Now the problem with my Cloudflare blog post is that we omitted to talk about caching the MongoDB Connections. This blog post was more a proof of concept rather than a production ready code sample.
In MongoDB Realm, connections to the underlying cluster is cached. Each time a Realm function needs to connect to the MongoDB cluster, the same client connection is re-used. This avoid the handshake and the cost of creating and maintaining a connection for the replica set EACH TIME we make a query. When you run a query, you just want to run the query and access MongoDB, not initialise everything from scratch each time.
It’s a bit what’s happening with my Cloudflare code. Maybe there is a way to cache the connection with Cloudflare, but I don’t know enough about Cloudflare to do so.
It’s the same thing for AWS Lambdas. You have to cache the connection in a global variable that is reused by all the other lambdas.
Cloudflare is an extra layer in between your client and your MongoDB cluster in Atlas that isn’t necessary really. It’s an extra step in the network as well.
The best scenario would be to have a locally deployed Realm app in Dublin, Ireland and an Atlas cluster also deployed in Dublin. When you execute your Realm Function, it can access the cluster next door very fast without rooting the query around the world twice.
I don’t think that’s correct? In my perspective, the business rules, authentication, and authorization would live here. But that’s probably a separate discussion.
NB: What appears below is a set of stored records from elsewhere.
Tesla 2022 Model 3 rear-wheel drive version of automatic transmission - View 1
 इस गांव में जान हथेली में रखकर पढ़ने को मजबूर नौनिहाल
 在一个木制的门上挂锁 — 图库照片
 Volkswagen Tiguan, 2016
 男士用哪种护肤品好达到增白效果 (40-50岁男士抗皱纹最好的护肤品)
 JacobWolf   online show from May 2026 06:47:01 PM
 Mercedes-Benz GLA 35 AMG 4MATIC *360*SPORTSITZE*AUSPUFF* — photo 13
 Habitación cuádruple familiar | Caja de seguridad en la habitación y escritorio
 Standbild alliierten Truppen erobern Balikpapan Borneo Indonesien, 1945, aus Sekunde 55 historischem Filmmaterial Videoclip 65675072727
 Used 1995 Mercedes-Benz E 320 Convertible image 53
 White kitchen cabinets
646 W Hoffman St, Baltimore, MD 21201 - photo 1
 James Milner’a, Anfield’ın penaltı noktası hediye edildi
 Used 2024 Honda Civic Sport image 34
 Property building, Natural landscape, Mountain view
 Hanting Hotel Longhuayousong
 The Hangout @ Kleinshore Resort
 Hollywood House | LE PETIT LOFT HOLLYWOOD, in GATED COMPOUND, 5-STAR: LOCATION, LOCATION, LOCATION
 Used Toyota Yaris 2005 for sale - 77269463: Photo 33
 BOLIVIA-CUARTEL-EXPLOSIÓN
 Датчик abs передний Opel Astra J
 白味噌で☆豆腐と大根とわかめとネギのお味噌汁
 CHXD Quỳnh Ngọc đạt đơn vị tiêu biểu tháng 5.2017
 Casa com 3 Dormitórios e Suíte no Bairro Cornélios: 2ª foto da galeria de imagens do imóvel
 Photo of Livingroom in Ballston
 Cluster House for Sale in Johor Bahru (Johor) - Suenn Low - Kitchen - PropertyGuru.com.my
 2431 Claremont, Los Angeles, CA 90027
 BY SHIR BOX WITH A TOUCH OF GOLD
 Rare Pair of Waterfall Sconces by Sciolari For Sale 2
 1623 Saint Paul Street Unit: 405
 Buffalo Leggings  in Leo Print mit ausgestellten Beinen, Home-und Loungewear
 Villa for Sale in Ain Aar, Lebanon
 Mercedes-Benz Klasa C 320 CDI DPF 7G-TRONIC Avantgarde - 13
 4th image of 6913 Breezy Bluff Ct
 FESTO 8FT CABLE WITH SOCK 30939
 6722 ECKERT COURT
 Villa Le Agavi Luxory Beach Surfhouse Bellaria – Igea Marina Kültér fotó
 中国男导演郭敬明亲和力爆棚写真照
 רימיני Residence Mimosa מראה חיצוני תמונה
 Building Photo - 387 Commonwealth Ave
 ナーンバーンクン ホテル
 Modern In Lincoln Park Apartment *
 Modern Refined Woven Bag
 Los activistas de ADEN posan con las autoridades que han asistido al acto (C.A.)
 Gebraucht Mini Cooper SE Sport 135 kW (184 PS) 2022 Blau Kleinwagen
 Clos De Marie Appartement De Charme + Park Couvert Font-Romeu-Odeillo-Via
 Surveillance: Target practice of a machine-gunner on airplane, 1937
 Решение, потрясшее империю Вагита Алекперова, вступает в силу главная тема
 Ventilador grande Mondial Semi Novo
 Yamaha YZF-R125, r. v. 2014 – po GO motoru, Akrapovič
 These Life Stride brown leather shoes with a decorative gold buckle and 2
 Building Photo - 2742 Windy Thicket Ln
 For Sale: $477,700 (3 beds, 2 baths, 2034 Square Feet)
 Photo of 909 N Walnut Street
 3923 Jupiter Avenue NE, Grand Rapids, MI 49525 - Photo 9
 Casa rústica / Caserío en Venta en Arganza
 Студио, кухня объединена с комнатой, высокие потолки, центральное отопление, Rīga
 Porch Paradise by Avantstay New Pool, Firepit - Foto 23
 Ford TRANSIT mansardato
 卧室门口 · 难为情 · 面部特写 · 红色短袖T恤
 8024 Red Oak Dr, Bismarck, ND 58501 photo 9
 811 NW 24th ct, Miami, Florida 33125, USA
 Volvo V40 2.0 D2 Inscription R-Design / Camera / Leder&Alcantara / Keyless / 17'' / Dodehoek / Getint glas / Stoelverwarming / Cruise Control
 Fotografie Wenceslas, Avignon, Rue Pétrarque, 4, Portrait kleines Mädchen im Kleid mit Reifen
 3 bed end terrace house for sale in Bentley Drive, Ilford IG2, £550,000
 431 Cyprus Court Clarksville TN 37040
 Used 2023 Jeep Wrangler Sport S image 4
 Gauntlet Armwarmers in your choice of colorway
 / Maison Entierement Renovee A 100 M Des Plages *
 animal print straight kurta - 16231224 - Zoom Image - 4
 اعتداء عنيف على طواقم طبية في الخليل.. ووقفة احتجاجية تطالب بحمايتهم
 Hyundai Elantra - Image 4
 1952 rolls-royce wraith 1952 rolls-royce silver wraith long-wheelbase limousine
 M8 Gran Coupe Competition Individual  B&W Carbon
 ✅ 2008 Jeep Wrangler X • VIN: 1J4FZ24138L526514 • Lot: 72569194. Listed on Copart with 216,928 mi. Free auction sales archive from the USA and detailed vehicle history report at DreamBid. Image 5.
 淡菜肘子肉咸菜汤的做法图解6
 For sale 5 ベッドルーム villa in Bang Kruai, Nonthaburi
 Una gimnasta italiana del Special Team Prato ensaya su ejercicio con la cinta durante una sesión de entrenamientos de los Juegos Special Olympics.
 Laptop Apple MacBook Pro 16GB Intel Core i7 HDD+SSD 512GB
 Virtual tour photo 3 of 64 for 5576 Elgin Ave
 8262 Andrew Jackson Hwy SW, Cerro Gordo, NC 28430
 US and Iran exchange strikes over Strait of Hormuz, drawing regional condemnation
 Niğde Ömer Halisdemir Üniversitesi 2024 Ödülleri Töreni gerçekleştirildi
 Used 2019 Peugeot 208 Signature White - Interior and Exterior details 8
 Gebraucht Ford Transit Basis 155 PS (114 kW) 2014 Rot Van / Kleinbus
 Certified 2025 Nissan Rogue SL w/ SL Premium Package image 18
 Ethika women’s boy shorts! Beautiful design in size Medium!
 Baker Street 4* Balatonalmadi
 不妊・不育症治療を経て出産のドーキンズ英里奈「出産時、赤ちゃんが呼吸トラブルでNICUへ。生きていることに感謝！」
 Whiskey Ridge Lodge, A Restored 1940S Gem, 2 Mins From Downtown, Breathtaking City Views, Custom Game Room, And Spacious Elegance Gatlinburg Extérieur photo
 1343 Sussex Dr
The way I view Cloudflare workers is the future of serverless. It’s more global and features 0ms cold-start → a significant improvement compared to serverless functions. Now the question is how to combine this with an equally distributed database. I believe this is exactly why Cloudflare announced their D1 SQL database in September 2022.
So my question could essentially be rephrased like this:
Is MongoDB+Realm a good fit for Cloudflare workers, or would it make more sense to use Cloudflare D1?
On a side note, could you share some insights as to why it’s not possible to use the node.js MongoDB driver? Would it ever be possible, or is the V8 environment never going to be compatible?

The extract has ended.